WASHINGTON — A new study confirms allegations made by state prosecutors that some of the nation's biggest banks are violating the terms of the $25 billion national mortgage settlement, the landmark agreement to clean up shoddy foreclosure practices.
The court-appointed monitor of the settlement on Wednesday issued a report saying Citigroup, Bank of America, Wells Fargo and JPMorgan Chase have dragged their feet in processing homeowners' requests for lower monthly loan payments.
These are the same charges being lobbed against the banks by Illinois Attorney General Lisa Madigan and New York Attorney General Eric Schneiderman. The two were among the 49 state attorneys general who teamed with federal agencies to broker the settlement with the top five mortgage servicers last year.
The deal was supposed to ensure that struggling homeowners would not have to endure the same miscommunication, delays and botched paperwork that was commonplace after the housing bust. But, according the monitor, it seems some things haven't changed.
Four out of five banks failed at least one of the 29 metrics the monitor used to measure their compliance with the 304 servicing standards outlined in the settlement.
The report "affirms that the pattern of violations by Wells Fargo that my office documented in New York is harming homeowners nationwide," said Schneiderman, who threatened to sue Wells Fargo and Bank of America in May over the violations. "These flagrant violations put homeowners in New York and across the nation at greater risk of foreclosure."
The most common problem found among the servicers, in particular at Citigroup, Bank of America and Wells Fargo, was failure to notify homeowners of any missing documents in their modification requests within five days of receipt, according to the settlement monitor, Joseph A. Smith Jr. Citigroup and Bank of America were also cited for providing inaccurate information in letters they must send to borrowers before beginning a foreclosure.
"Progress is being made in a number of areas, but other harmful practice endure," said Shaun Donovan, secretary of the Department of Housing and Urban Development, during a call with reporters. "It is time for [the banks] to live up to their end of the deal . . . if they don't we'll explore all options to remedy this situation from fining them to hauling them back into court."

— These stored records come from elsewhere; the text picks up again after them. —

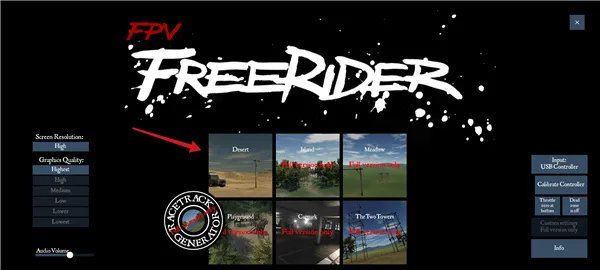 Freerider
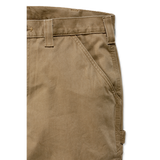 Carhartt BN0324 Relaxed fit Washed Twill Work pant
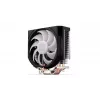 ENDORFY Spartan 5 MAX ARGB Prozessor-Luftkühler 12 cm Schwarz 1 Stk.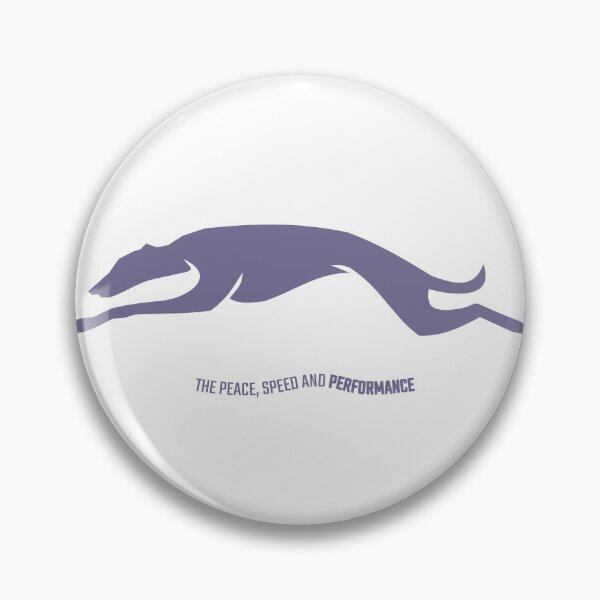 Item preview, SIGHTHOUND/GREYHOUND LOVERS designed and sold by The PSP |  Peace, Speed and Performance.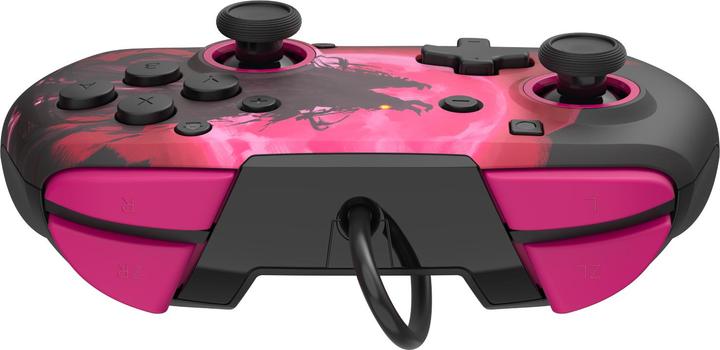 Actual product image PDP Man Fil Rematch Zelda Ganon (Switch, Switch Lite, Switch OLED)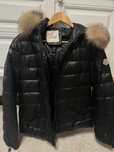 Курточка Moncler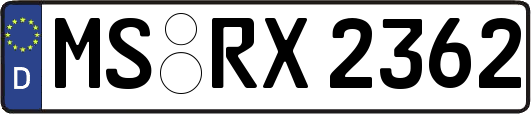 MS-RX2362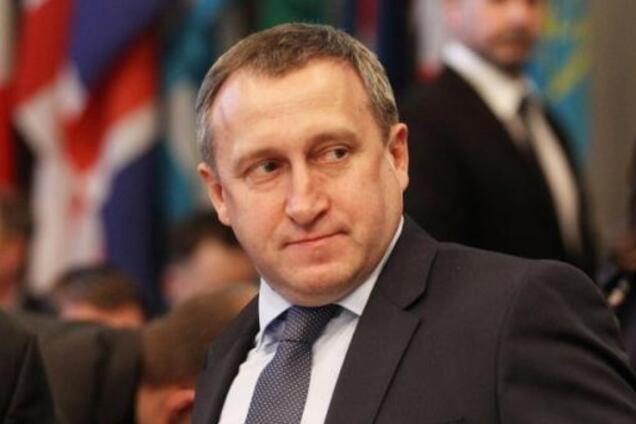 Дипконфликт Украины и Польши: посол дал обнадеживающую оценку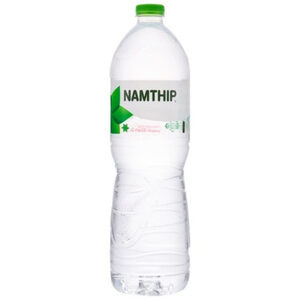 น้ำดื่มน้ำทิพย์ (Namthip)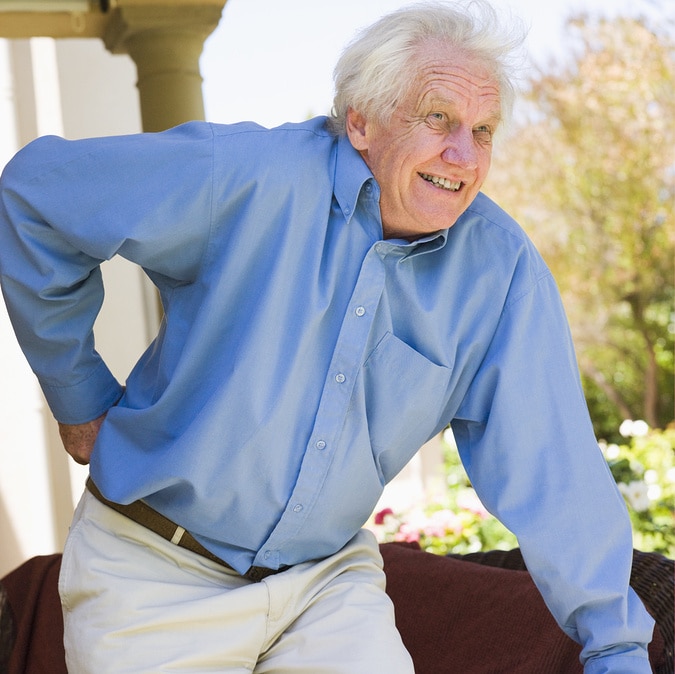 Home Care Dix Hills NY - Understanding Sciatica Pains: Home Care for Seniors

Servicers who fail to comply with the standards must put in place a plan approved by the monitor to correct the problem. If the problem reoccurs within six months, the monitor can take legal action and seek fines of up to $5 million.
The banks are in some stage of creating or implementing plans to fix the problems reported. JPMorgan has refunded premiums to 2,000 borrowers it failed to quickly reimburse when their force-placed insurance contracts were canceled.
Companies flagged potential violations in addition to having the monitor review their files. Bank of America spokesman Dan Frahm noted that the bank "took immediate action" to resolve the problems found in the report, which did not result "inaccurate foreclosures or improper loan modification denials."
ResCap, formerly known as Ally Financial, passed the monitor's tests through the end of 2012, but the company's bankruptcy proceedings this year delayed additional testing. The monitor is now working with Ocwen Financial, Berkshire Hathaway and Green Tree Servicing, which purchased ResCap's servicing rights and assets, to continue the process.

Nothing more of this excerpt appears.